3.3. Implicações Socioambientais do Período Maoista

3.3.2. Afastamento dos técnicos na Revolução Cultural (1966-1976): Desastres com maior

Com o afastamento dos técnicos na Revolução Cultural110, o serviço de previsão e prevenção de desastres naturais também sofreu impacto, a exemplo dos sismos111 de 1970, 1974 e 1975 que provocou um número estimado entre 10 e 20 mil vítimas; e do terremoto de 1976, com mais de 242.769 mortos, conforme fontes oficiais chinesas. Porém, segundo a agência norte americana de estudos sobre fenômenos naturais, o Departamento do Interior e o departamento Geológico dos EUA (USGS), aponta que, durante os dois primeiros anos após o terremoto, as estimativas de mortes variaram de 650 mil para 800 mil. O número exato nunca será conhecido (WALLACE, 1983).
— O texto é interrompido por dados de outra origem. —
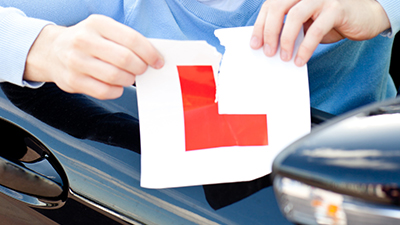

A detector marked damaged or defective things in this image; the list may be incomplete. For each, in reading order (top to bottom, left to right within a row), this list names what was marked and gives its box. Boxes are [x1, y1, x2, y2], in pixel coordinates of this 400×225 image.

torn paper [136, 26, 310, 189]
Esse terremoto ocorreu no dia 28 de julho de 1976, e arrasou a cidade de Tangshan, na parte nordeste da China, perto da costa (cf. Figuras 17 e 18). O epicentro foi centrado cerca de 140 quilômetros a sudeste de Pequim, na vizinhança de Tangshan. O primeiro sismo, de magnitude 7,5, atingiu a cidade de Tangshan às 3h42 horas da manhã. Muitas pessoas que sobreviveram ao terremoto ficaram presas sob os edifícios que caíram, não resistindo ao segundo abalo 15 horas depois, seguidos de tremores no intervalo de magnitude 5,0-5,5 que continuaram após o choque principal (USGS, s/d.; WALLACE, 1983).
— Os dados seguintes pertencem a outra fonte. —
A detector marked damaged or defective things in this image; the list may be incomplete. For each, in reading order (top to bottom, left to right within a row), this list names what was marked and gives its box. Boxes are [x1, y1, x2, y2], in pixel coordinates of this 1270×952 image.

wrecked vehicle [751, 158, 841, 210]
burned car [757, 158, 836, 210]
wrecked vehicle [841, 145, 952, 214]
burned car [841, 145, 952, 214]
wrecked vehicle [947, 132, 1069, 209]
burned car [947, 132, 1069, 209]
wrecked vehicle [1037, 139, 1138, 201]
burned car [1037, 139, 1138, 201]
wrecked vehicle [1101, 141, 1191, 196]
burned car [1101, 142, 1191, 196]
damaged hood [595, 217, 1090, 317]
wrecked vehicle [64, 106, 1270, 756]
Segundo a BBC News (1976), “O Observatório Real de Hong Kong relata que o terremoto foi intenso, embora a especulação da magnitude do terremoto varie de 6,3 a 8,5”. E que, segundo um porta-voz do jornal Red Flag, ‘Qualquer grave catástrofe natural pode ser superada com a orientação do Presidente Mao’.

110 Na Revolução Cultural todos os intelectuais (professores, artistas, médicos, membros liberais do PCC) eram

declaradas pessoas possuidoras de privilégios, contrarrevolucionários, decadentes, inimigos de classe ou neocapitalistas. Foram perseguidas para a reeducação ou extermínio (CHANG-SHENG, 2005; CHANG, 2012).
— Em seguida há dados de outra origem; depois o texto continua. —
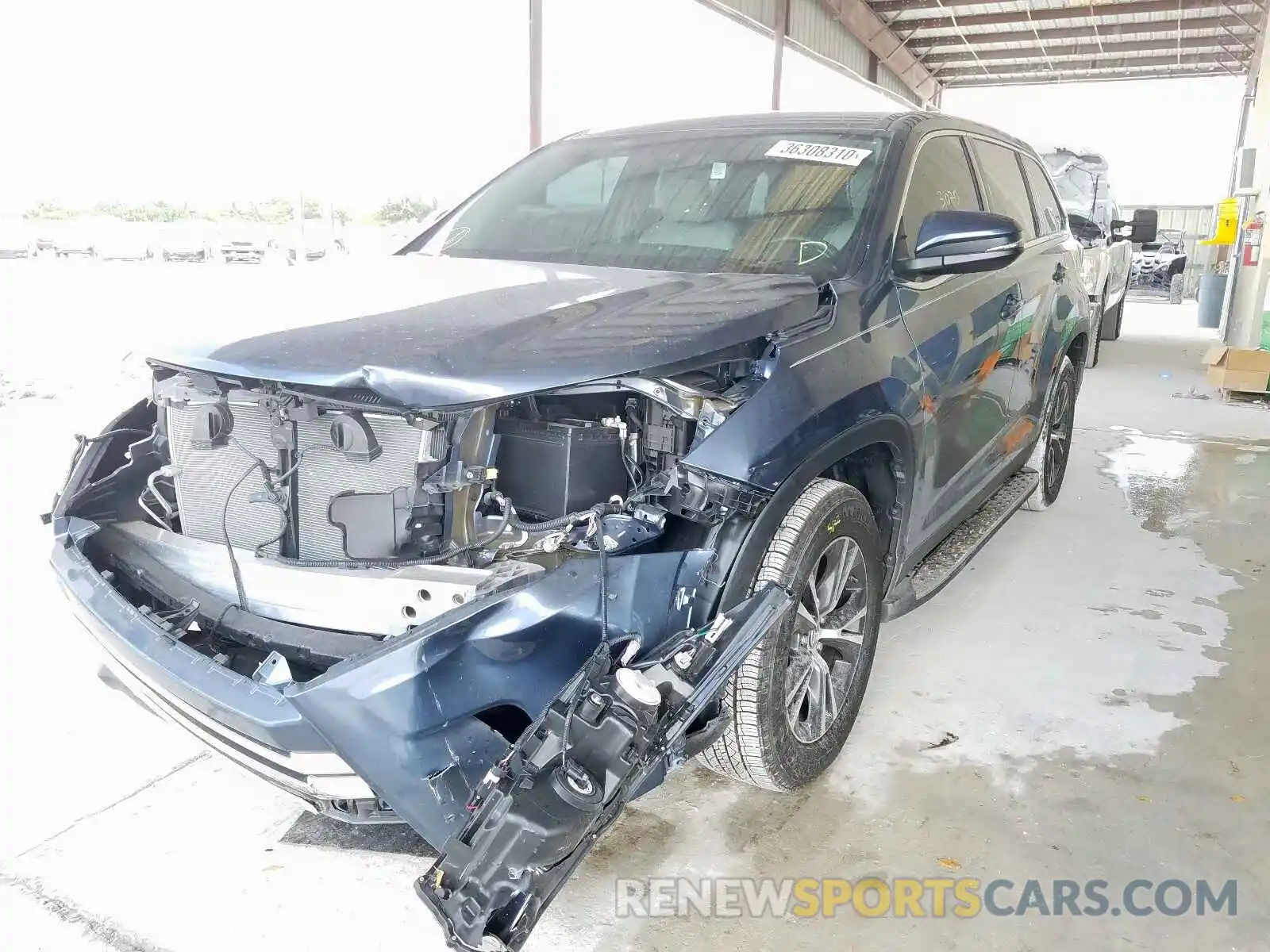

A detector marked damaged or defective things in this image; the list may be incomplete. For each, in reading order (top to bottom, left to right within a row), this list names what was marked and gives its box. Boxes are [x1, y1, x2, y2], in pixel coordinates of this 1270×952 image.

detached front bumper [54, 517, 716, 847]
torn bumper cover [52, 517, 726, 847]
damaged dark blue suv [49, 109, 1158, 949]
111Um sismo é basicamente a ocorrência de uma fratura a certa profundidade, que origina ondas elásticas que se

propagam por toda a Terra. As palavras sismo e terremoto são sinônimas, sendo que normalmente reserva-se o uso da palavra terremoto para a classificação de grandes sismos, e para os pequenos costuma-se usar abalo sísmico ou tremor de terra. Ver: http://geofisicabrasil.com/geofisicabasica/99-sismologia14/147-sismos-terremotos.html. Acesso em: 19 de agosto de 2016.

Muitos mineiros foram soterrados, (...) os sobreviventes do terremoto de Tangshan estão vivendo em tendas e devem ser transferidos para abrigos de inverno, informou a agência de notícias New China. Aeronaves e caminhões têm levado grandes quantidades de suprimentos de socorro para ajudar o esforço de socorro. (...) as autoridades chinesas rejeitaram qualquer oferta de ajuda do mundo exterior, dizendo que os sobreviventes têm o suficiente para comer e usar e há suprimentos e médicos suficientes na cidade (BBC NEWS, 1976).

A falta de estudos eficientes sobre estruturas sismo gênicos da região de Tangshan foi a principal causa das dificuldades na avaliação do risco sísmico antes do grande terremoto de 1976. Nessa região, as estruturas urbanas foram fortemente destruídas; todos os edifícios comuns ficaram em ruínas e mesmo algumas construções mais resistentes sofreram graves danos. Paredes, prédios, estradas e canais, onde a zona de fissura passou foram cortadas: 78% dos edifícios industriais, 93% dos edifícios residenciais, 80% das estações de bombeamento de água e 14 linhas de esgoto foram completamente destruídos e/ou ficaram bastante danificados. Alguns locais do desastre estão sendo preservados como registro das forças destrutivas do terremoto de 1976, um deles é, conforme a figura abaixo, a Biblioteca do Instituto Hebei (FANG, 1979; WALLACE, 1983; ROSENBERG, 2015).

Figura 17: Destruição da Biblioteca do Instituto de Hebei. Fonte: Wallace, 1983.

Figura 18: Foto aérea de Tangshan após o terremoto. Algumas tendas e abrigos temporários entre os escombros.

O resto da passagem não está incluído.